One of the reasons traditional letter or number grades emerged is due to perceived inconsistency, inefficiency, and complication involved in narrative grade reports (Feldman, 2019). It was thought that letter grades could communicate learning both efficiently and plainly (Schneider & Hutt, 2014). By the 1940s, the A-F letter grade system had become the most popular grading system (Schneider & Hutt, 2014).

Traditional grades tend to be derived by averaging the performance on all assessments during a grading period; this average may not capture students’ eventual proficiency in learning and can place undue emphasis on performance anomalies rather than tendencies (Feldman, 2019).
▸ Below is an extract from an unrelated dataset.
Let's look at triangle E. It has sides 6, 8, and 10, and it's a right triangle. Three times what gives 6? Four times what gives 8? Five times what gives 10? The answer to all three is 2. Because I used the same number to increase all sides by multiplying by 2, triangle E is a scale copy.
In addition, traditional grading sometimes incorporates assessment of student behaviors, such as participation, engagement, and effort (Feldman, 2019).
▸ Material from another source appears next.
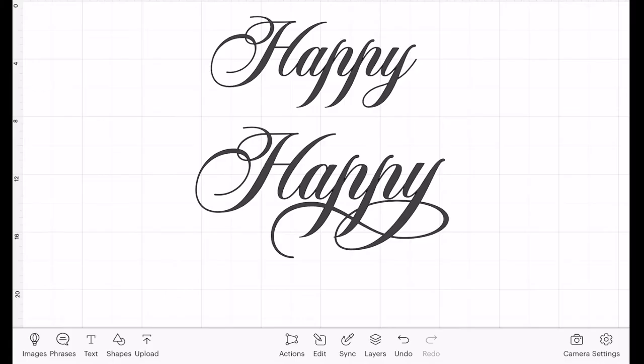Hi my lovelies, I hope you're all well. So today I'm going to show you how you can add glyphs to your text in Design Space, because adding glyphs can make a real change to how your font looks.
We might think that grades communicate students’ proficiency in learning, but there are simply too many variables to say this definitively.

Grades Motivate Students

One fear many educators express is that if students are not graded, they will not be motivated to do the work. At best, grades serve as extrinsic motivation for learning. When students care more about the grades than the learning, they are more likely to resort to academic dishonesty. In fact, pressure to earn high grades contributes to academic dishonesty and mental health problems (Rinn et al., 2014; Villeneuve et al., 2019). Grades affect students’ achievement, self-concept, and motivation (Casillas et al., 2012; Pulfrey et al., 2011). Students who earn low grades tend to achieve less and feel lower self-esteem over time (Klapp, 2018).
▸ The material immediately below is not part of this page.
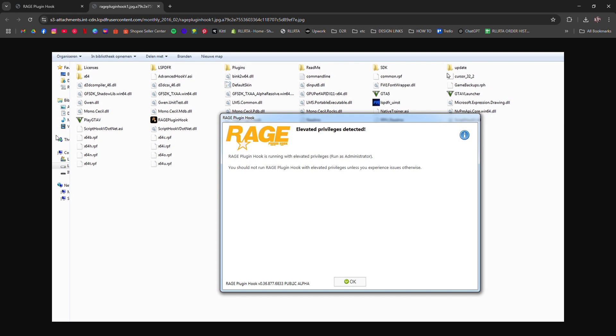Still crashing? Update .NET Framework and Visual C++ redistributables. These are required and often overlooked.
Fear of earning low grades or focus on earning high grades both serve as extrinsic motivators for learning rather than intrinsic motivators, which demonstrate more effectiveness in supporting learning (Froiland & Worrell, 2016; Hattie & Timperley, 2007). Intrinsic motivation is positively associated with both engagement and achievement (Froiland & Worrell, 2016; Hattie & Timperley, 2007). Helping students develop their intrinsic motivation to learn may increase students’ achievement (Froiland & Worrell, 2016). Extrinsic motivation to earn good grades or avoid the negative consequences of poor grades drives many students rather than the desire to learn, and over time, extrinsic motivation decreases students’ achievement (Hattie & Timperley, 2007). In addition, the reward of good grades tends to decrease motivation for otherwise engaging learning (Hattie & Timperley, 2007).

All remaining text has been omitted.